Joseph Smith's Backdated Prophecies w/ Radio Free Mormon | Ep. 1730 | LDS Discussions Ep. 35

Joseph Smith’s claims to prophetic authority rest heavily on the idea that he could foresee events before they happened. Yet when historians examine the timeline of his revelations, the pattern that emerges looks less like prediction and more like retrofitting. The most striking example appears in the Book of Mormon itself, where an ancient prophet seems to describe with uncanny precision the 1828 meeting between Martin Harris and Columbia University professor Charles Anthon. The problem, according to biblical scholars and historians, is that this Joseph Smith backdated prophecy bears all the hallmarks of a text written after the fact.

What Backdating Looks Like in Religious Texts

Biblical scholars have long recognized a literary device called vaticinium ex eventu, or prophecy after the event. The Book of Daniel offers the clearest template. Chapter 11 presents what appears to be sweeping predictions about royal succession from the sixth century BCE through the second century, complete with specific military campaigns and political alliances. The details remain accurate until suddenly, around verse 40, the precision collapses into vague generalities that never materialize. This sudden shift suggests the author was writing during the Maccabean period, recounting history they knew while guessing about a future they did not.

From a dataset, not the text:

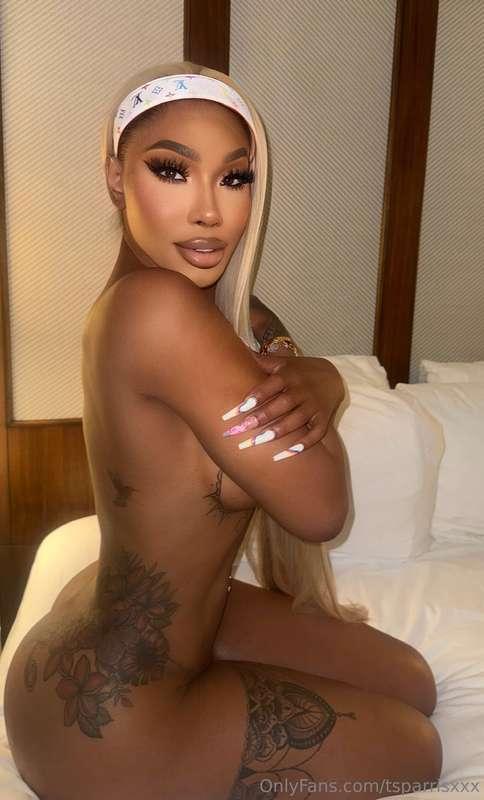 You’ve waited long enough. I’m ready to drain, break, and ow..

Joseph Smith operated within this same tradition, though he claimed his texts were ancient. In the Mormon Stories Podcast episode examining these issues, Radio Free Mormon and host John Dehlin outline how Smith adapted biblical passages to match his contemporary circumstances.

The Anthon Visit and Isaiah 29

The centerpiece of Smith’s backdated prophecy involves Isaiah 29, which speaks of a "sealed book" that learned men cannot read but which an unlearned man will deliver. Smith embedded an expanded version of this passage into 2 Nephi 27, adding specific details about the book being delivered to a learned man who would declare he cannot read it because it is sealed, followed by the book being delivered to one who is not learned.